Apply Functions

The Apply Functions processor applies a Snowflake function to one or more columns. When you configure the processor, you specify the columns to apply the function to, the function to use and related details, and the output columns for the results.

You can use this processor to apply the following types of Snowflake functions:
  • Date and Time - Manipulates datetime data, such as extracting part of the date or converting the time zone.
  • Numeric - Manipulates numbers, such as finding the cosine or square root of a number.
  • Geospatial - Manipulates geospatial data, such as returning the number of points in a geospatial object or combining Geography objects.
  • String - Manipulates strings, such as trimming trailing characters or converting case.
  • User-defined functions - Manipulates data based on a custom function.

For details about Snowflake functions, see the Snowflake documentation.

Specifying Columns

When you configure the Apply Functions processor, you define a Column property that specifies the input columns to apply functions to. You can specify a single column or enter a regular expression that evaluates to a set of columns.

You also configure the Output Column property to specify the output columns for the results of the calculations. As with the Column property, you can specify a single column or enter a regular expression that evaluates to a set of columns. If you do not specify an output column, the Apply Functions processor overwrites the data in the input columns.

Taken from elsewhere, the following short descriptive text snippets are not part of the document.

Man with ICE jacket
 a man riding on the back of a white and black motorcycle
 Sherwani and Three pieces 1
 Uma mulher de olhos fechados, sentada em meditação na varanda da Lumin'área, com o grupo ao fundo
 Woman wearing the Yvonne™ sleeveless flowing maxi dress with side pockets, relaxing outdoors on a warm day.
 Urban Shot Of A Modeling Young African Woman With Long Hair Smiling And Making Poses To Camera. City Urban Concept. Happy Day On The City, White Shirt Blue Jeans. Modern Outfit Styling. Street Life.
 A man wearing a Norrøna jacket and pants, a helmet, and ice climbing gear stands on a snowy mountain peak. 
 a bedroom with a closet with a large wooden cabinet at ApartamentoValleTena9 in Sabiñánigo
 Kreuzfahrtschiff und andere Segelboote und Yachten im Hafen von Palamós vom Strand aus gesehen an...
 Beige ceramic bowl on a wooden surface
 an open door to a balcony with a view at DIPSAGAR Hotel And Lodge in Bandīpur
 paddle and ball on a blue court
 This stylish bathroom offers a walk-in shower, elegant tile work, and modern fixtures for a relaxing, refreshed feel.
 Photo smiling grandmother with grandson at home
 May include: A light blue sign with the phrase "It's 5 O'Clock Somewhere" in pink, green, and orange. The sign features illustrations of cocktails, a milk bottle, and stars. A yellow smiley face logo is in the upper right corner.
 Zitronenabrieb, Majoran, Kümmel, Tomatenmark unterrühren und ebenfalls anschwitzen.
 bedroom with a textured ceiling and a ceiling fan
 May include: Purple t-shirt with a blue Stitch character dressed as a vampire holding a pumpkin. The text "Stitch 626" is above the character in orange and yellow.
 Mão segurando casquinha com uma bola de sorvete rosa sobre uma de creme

When specifying regular expressions for the input and output columns, ensure that each input column has a corresponding output column and that the output column names are unique.

Output Column Variables

When you specify a regular expression in the Output Column property, you can use the following variables to generate output column names based on input column names:

Original column name variable
Use $0 as a variable to represent the original column names. This allows you to specify additional characters as a prefix or suffix for the original column names.
For example, to use customer_ as a prefix for all existing column names, enter customer_$0. If the processor applies the function to an input column named address, then it writes the results of the calculation to a customer_address output column.
Regular expression group variables
You can use the following variables to represent groups in the input column regular expression:
  • $1 - Represents the first group in the expression, reading left to right
  • $2 - Represents the second group
  • $3 - Represents the third group, and so on.
For example, say you use (sales)_(.+) to define the input columns to apply a function to. Then, when you define the output column, you can use $1 to represent (sales) and $2 to represent (.+), as follows: total_$1-$2.
If the processor applies functions to an input column named sales_spain, then it writes the results of the calculation to a total_sales-spain output column.